* Task instructions *
Transcribe nothing except the lines below that run from the one with "SMSAREE Blue &" to the one with "Vintage Burgundy Sherpa", ends included, and do not copy any picture.

* Source data *

================================

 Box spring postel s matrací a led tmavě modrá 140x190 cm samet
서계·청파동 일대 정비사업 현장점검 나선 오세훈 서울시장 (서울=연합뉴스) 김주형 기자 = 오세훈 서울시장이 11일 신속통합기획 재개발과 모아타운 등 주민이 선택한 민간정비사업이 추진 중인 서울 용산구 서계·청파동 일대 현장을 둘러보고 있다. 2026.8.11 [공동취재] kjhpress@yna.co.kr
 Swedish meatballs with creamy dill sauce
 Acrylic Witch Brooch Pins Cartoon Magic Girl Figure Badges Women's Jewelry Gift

================================

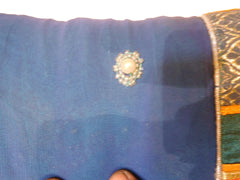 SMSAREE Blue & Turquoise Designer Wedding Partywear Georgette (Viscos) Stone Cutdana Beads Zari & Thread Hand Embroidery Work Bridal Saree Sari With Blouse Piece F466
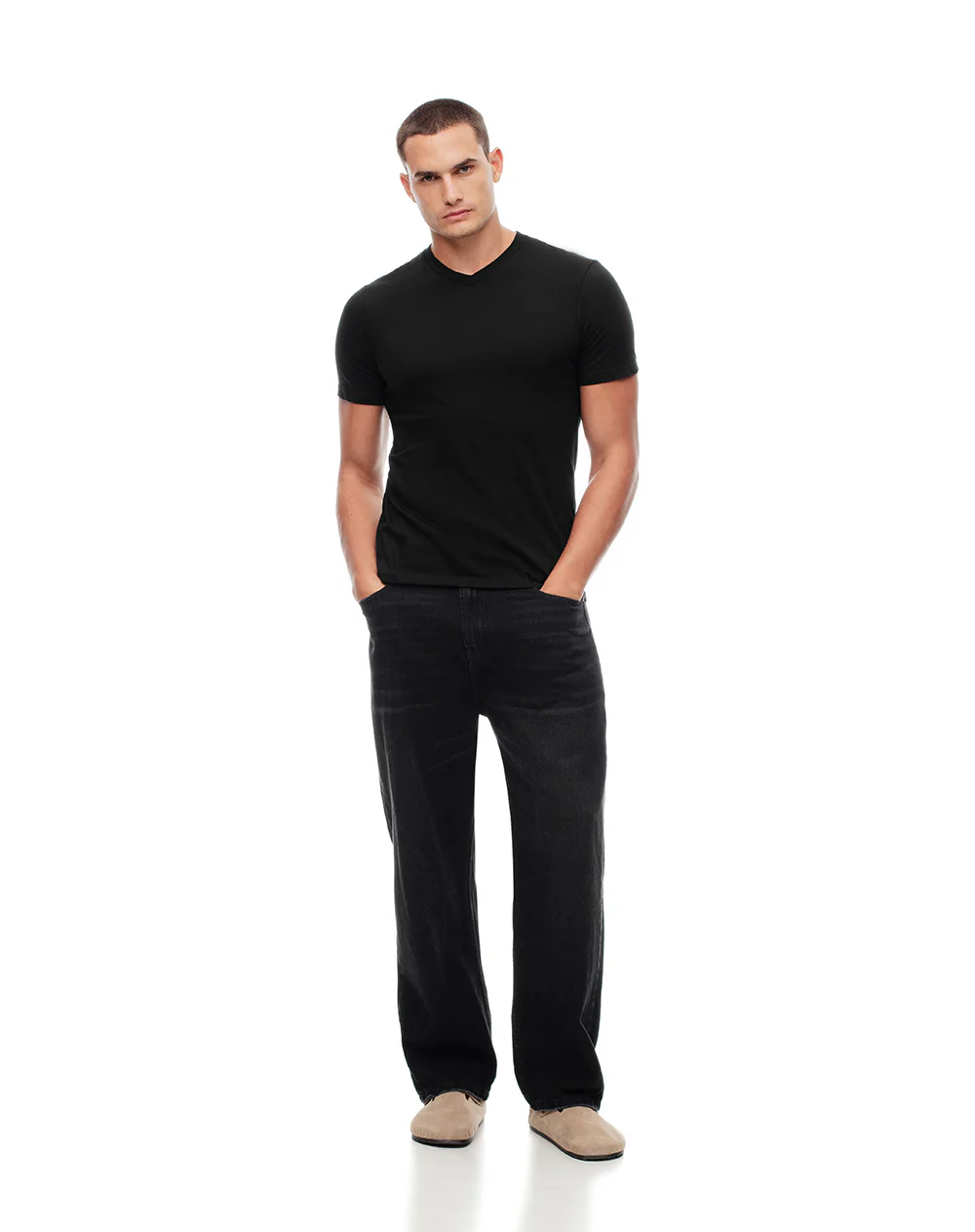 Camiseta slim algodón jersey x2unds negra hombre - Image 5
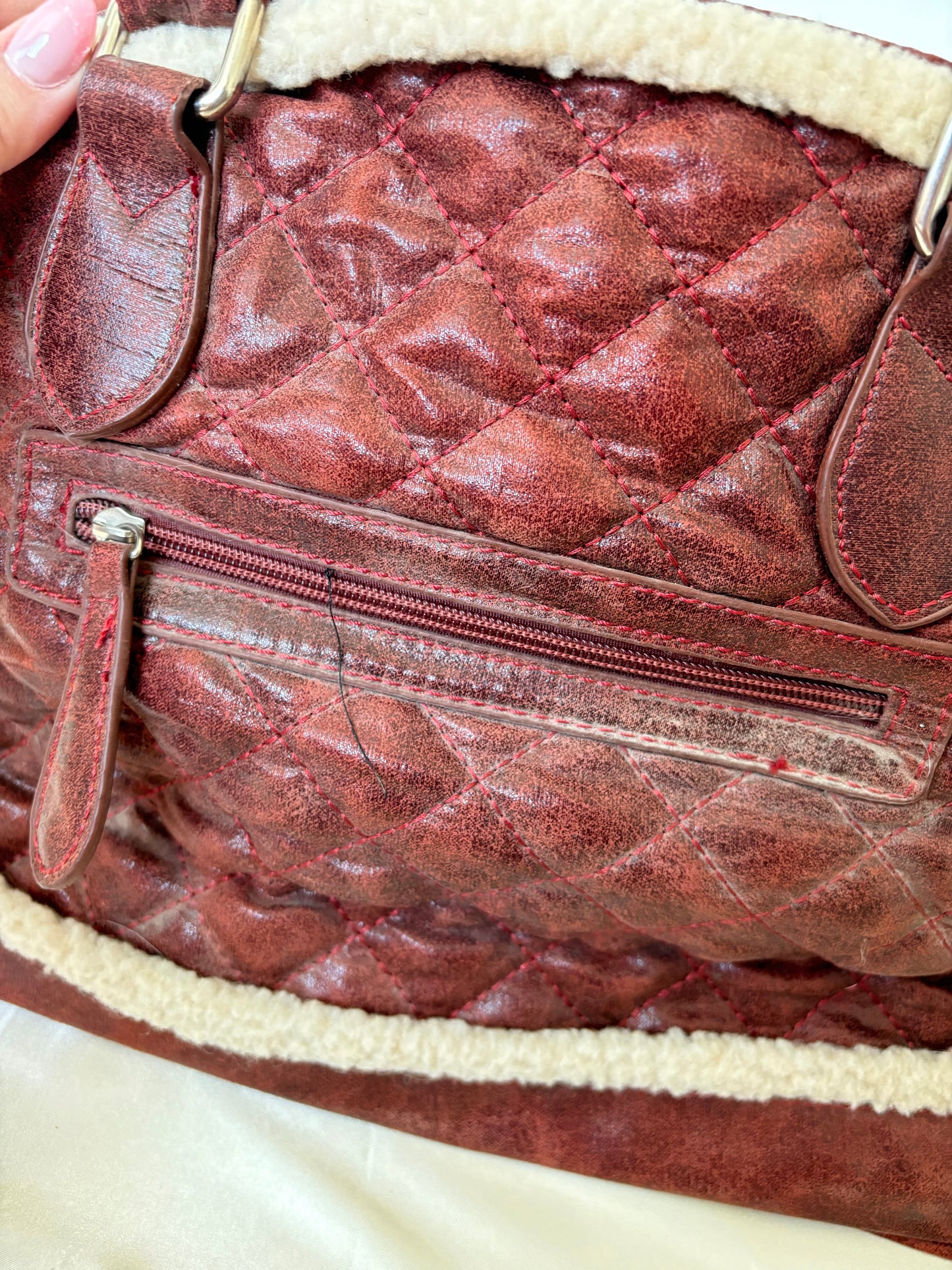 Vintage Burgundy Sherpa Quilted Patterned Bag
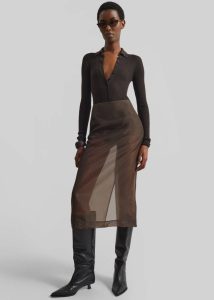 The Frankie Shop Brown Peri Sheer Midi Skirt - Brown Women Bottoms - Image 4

================================

* Solution to this task *
 SMSAREE Blue & Turquoise Designer Wedding Partywear Georgette (Viscos) Stone Cutdana Beads Zari & Thread Hand Embroidery Work Bridal Saree Sari With Blouse Piece F466
 Camiseta slim algodón jersey x2unds negra hombre - Image 5
 Vintage Burgundy Sherpa Quilted Patterned Bag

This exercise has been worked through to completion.